Directions for this task:
Repeat the lines beginning at the one with "So blessed to" and running to the end of the material, keeping the first and last of them, exactly as they appear.

Exercise inputs:
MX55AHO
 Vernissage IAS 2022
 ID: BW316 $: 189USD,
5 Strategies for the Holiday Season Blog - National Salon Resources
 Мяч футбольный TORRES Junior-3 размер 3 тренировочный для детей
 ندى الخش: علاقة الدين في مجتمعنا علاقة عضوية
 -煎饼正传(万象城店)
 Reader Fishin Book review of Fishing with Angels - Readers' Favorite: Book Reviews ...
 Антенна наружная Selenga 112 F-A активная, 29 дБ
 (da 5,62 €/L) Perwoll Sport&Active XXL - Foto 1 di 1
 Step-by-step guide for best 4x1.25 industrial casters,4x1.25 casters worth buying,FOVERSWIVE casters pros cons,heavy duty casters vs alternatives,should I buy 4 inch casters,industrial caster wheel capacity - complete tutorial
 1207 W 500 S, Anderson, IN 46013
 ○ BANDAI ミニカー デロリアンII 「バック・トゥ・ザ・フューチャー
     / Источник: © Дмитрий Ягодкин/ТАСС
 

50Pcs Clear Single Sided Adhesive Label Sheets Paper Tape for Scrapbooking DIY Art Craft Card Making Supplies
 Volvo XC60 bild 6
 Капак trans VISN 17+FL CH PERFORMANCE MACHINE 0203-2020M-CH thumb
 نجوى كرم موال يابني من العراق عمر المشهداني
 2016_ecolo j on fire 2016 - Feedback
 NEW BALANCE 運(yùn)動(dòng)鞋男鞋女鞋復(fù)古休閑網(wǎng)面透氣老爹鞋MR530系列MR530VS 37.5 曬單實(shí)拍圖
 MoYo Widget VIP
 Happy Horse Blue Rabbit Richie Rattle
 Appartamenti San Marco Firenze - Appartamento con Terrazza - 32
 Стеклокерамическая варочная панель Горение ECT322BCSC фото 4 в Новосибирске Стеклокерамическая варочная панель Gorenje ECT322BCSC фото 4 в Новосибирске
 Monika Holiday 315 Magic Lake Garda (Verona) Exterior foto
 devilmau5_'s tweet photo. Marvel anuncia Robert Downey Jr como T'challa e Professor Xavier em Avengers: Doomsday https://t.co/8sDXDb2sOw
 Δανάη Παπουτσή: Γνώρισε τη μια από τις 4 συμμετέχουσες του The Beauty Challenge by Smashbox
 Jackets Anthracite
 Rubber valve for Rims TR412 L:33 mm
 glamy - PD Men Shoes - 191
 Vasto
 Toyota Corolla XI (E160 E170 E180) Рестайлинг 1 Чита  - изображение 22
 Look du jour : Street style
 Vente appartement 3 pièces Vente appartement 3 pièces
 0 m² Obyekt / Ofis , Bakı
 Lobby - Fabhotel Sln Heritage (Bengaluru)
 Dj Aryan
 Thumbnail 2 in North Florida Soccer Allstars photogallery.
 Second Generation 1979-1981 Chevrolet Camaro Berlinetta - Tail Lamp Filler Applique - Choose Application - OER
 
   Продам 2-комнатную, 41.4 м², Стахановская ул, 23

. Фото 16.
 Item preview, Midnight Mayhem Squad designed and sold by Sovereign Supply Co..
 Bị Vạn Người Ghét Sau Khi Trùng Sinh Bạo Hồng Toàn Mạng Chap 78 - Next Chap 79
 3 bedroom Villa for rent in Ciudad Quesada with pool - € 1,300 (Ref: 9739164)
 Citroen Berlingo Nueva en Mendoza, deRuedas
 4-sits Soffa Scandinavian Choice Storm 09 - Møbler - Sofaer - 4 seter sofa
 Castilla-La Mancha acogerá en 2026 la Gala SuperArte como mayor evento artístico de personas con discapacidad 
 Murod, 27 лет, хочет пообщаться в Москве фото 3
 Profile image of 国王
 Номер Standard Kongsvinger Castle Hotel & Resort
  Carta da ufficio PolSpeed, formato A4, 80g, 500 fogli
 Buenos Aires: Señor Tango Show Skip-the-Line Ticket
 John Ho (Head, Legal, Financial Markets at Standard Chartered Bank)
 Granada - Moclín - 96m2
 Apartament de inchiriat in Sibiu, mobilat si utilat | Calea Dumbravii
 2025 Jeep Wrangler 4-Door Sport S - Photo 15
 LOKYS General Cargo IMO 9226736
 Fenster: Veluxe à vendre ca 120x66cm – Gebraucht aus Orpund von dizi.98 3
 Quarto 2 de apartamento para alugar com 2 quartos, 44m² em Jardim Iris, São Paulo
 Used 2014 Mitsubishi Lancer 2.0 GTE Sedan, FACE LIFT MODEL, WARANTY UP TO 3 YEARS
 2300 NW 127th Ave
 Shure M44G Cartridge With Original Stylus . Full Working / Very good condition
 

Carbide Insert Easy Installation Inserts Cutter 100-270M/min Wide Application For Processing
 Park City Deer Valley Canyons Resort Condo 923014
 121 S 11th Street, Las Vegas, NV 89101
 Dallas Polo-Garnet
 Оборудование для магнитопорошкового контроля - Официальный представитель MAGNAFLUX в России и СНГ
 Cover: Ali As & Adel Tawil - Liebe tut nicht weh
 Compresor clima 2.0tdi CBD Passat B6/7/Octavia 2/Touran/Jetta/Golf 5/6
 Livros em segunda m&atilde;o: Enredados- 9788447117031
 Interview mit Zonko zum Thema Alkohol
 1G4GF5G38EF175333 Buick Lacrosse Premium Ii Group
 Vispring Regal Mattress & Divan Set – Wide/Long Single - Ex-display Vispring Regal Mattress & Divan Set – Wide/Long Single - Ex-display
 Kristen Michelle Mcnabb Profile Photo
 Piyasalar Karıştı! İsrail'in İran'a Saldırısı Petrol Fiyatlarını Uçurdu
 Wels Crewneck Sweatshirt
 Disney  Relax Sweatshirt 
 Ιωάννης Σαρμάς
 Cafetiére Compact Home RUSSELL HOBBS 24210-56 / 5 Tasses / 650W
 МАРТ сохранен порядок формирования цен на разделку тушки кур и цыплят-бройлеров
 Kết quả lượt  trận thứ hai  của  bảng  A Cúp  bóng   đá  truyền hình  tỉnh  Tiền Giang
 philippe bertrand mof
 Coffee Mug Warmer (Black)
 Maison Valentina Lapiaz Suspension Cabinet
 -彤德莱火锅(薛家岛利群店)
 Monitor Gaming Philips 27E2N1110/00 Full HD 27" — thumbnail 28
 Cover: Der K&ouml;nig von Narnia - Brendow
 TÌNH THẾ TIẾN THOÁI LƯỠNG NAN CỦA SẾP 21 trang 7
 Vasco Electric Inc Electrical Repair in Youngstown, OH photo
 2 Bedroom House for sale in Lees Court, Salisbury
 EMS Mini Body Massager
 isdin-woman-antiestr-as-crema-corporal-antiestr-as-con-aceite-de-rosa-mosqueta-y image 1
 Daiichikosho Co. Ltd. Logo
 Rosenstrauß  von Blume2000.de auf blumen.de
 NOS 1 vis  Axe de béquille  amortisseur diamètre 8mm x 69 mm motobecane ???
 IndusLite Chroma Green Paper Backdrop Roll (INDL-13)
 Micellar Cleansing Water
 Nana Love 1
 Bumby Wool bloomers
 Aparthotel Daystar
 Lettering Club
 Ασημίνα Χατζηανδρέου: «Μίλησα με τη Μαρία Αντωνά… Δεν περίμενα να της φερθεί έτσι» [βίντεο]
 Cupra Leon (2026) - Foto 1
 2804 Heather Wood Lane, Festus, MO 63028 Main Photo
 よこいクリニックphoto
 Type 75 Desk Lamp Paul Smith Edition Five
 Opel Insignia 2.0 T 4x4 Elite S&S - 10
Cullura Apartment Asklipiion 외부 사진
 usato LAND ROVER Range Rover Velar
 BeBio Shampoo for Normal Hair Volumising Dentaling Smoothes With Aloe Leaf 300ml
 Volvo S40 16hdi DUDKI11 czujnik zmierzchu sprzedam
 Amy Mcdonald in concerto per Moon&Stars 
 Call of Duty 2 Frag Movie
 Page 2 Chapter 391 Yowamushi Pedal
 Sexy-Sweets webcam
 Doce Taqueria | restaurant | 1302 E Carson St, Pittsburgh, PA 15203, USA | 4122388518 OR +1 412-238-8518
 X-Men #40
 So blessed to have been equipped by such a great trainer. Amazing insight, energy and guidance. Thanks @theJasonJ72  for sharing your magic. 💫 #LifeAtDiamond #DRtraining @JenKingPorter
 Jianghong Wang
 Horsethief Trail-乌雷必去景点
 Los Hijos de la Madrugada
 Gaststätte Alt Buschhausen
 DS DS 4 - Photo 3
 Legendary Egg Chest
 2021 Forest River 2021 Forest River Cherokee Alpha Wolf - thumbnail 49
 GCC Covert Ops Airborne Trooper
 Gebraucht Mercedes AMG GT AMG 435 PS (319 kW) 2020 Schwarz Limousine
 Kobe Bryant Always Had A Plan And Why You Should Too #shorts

Response to the task:
 So blessed to have been equipped by such a great trainer. Amazing insight, energy and guidance. Thanks @theJasonJ72  for sharing your magic. 💫 #LifeAtDiamond #DRtraining @JenKingPorter
 Jianghong Wang
 Horsethief Trail-乌雷必去景点
 Los Hijos de la Madrugada
 Gaststätte Alt Buschhausen
 DS DS 4 - Photo 3
 Legendary Egg Chest
 2021 Forest River 2021 Forest River Cherokee Alpha Wolf - thumbnail 49
 GCC Covert Ops Airborne Trooper
 Gebraucht Mercedes AMG GT AMG 435 PS (319 kW) 2020 Schwarz Limousine
 Kobe Bryant Always Had A Plan And Why You Should Too #shorts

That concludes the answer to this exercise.